● **EXERCISE AIM**: Your answer must be an exact retyping of the line containing "monday,lunes,puerta,coche,romper,roto,a la mierda" and every line after it through the end of the records below, with no pictures and nothing else.

● **MATERIAL FOR THIS TASK**:
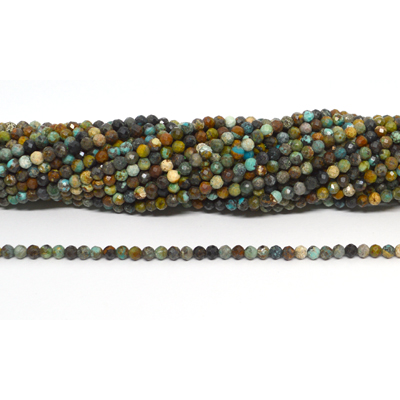 Turquoise AB Faceted 3mm round strand 125 beads
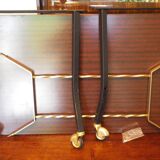 Lounge table, side table on wheels, formica top, gold and black metal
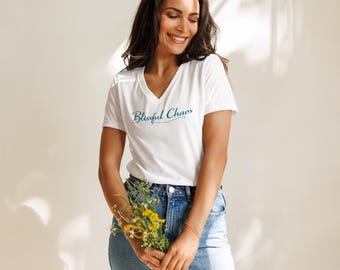Blissful Chaos V-Neck Tee l Embrace the Chaos Women's shirt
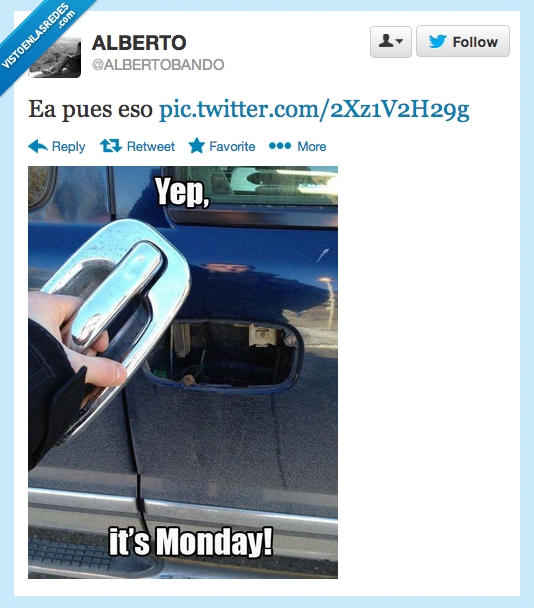 monday,lunes,puerta,coche,romper,roto,a la mierda
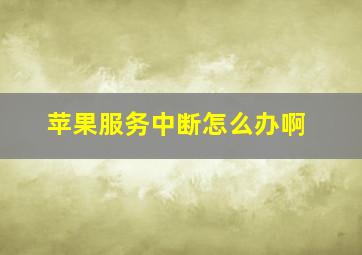 苹果服务中断怎么办啊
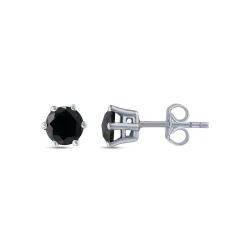 0,85 Karat Schwarzer Diamant Herren Ohrring (Einzelstückpreis)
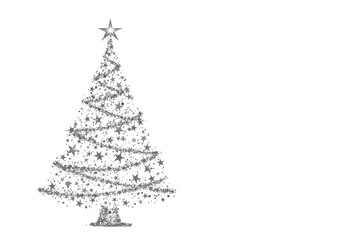 Fototapeta premium Abstract Christmas tree, silver glitter lines, glittering stars, bright star at apex, on transparent background with copy space, modern holiday celebration concept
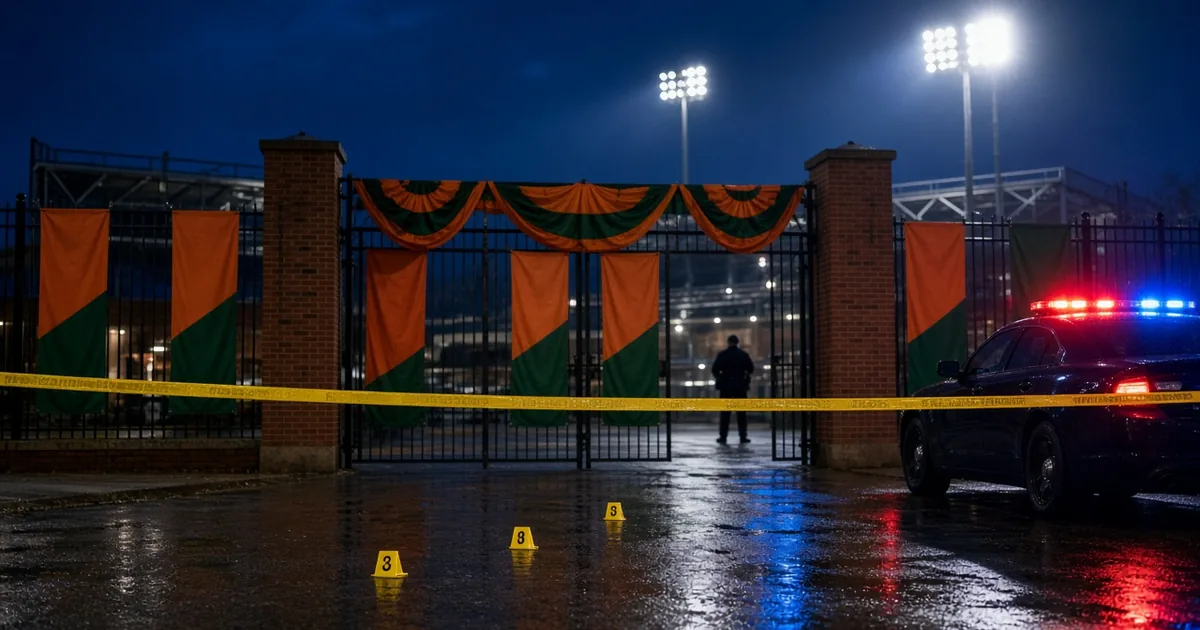 Orange and green homecoming bunting on a stadium gate behind yellow police tape at night, evidence markers on the wet pavement and a police cruiser with flashing lights at the right edge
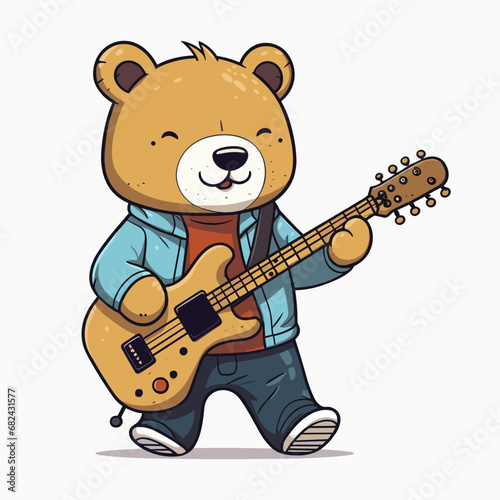 Cute bear with guitar cartoon character vector illustration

● **RESULT FOR THIS EXERCISE**:
 monday,lunes,puerta,coche,romper,roto,a la mierda
 苹果服务中断怎么办啊
 0,85 Karat Schwarzer Diamant Herren Ohrring (Einzelstückpreis)
 Fototapeta premium Abstract Christmas tree, silver glitter lines, glittering stars, bright star at apex, on transparent background with copy space, modern holiday celebration concept
 Orange and green homecoming bunting on a stadium gate behind yellow police tape at night, evidence markers on the wet pavement and a police cruiser with flashing lights at the right edge
 Cute bear with guitar cartoon character vector illustration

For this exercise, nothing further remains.